La formation continue des enseignants et la VAE
- La formation continue des enseignants devra être profondément renouvelée et associer pleinement les universités et les rectorats. Enseigner est un métier intellectuel et de relations humaines qui ouvre la voie à de nombreuses perspectives d'évolution. La VAE devra être développée pour faciliter les changements de fonction des enseignants.
Méthode de travail
Le calendrier doit permettre une mise en place des concours pour la session 2010. Aussi la réflexion est organisée autour des thèmes suivants :
- Maquette des concours ;
- Formation initiale : configuration des masters, mobilisation des compétences existantes dans le nouveau dispositif de formation ;
- Prise de fonction, affectation, accompagnement et formation continue ;
- Dans ce cadre seront notamment examinés le devenir des enseignants actuellement en service partagé et les conditions d'intervention des enseignants du premier et du second degré au sein des universités.

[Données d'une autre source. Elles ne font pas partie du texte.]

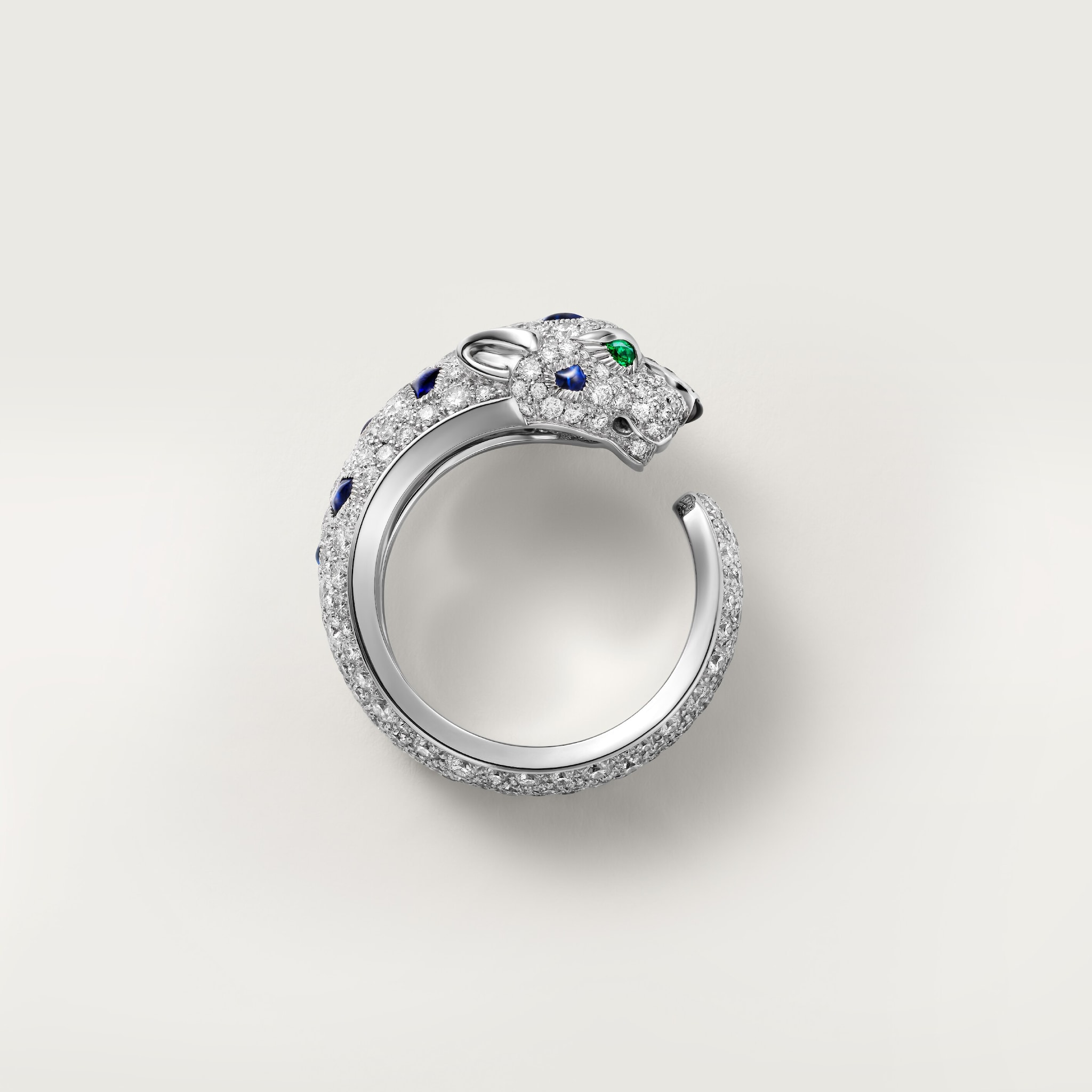 Panth&egrave;re de Cartier ring, medium model, half-paved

Le SPELC a demandé à être reçu au Cabinet du Ministre de l’Education pour traiter de la situation particulière des futurs enseignants de l’enseignement privé sous contrat. Il sera aussi attentif à la situation des candidats actuels recrutés à bac+3, et qui le seront ensuite à bac+5. Il faudra évidemment des mesures provisoires.
Par ailleurs, le SPELC participe au sein du SGEC à un groupe de travail qui revoit, dans le cadre du recrutement des enseignants, les procédures de délivrance d’un préaccord ou d’un accord collégial par les CAAC.
La dernière réunion du 11 septembre a travaillé sur un projet-cible qui doit être modifié. La prochaine réunion aura lieu le 28 novembre.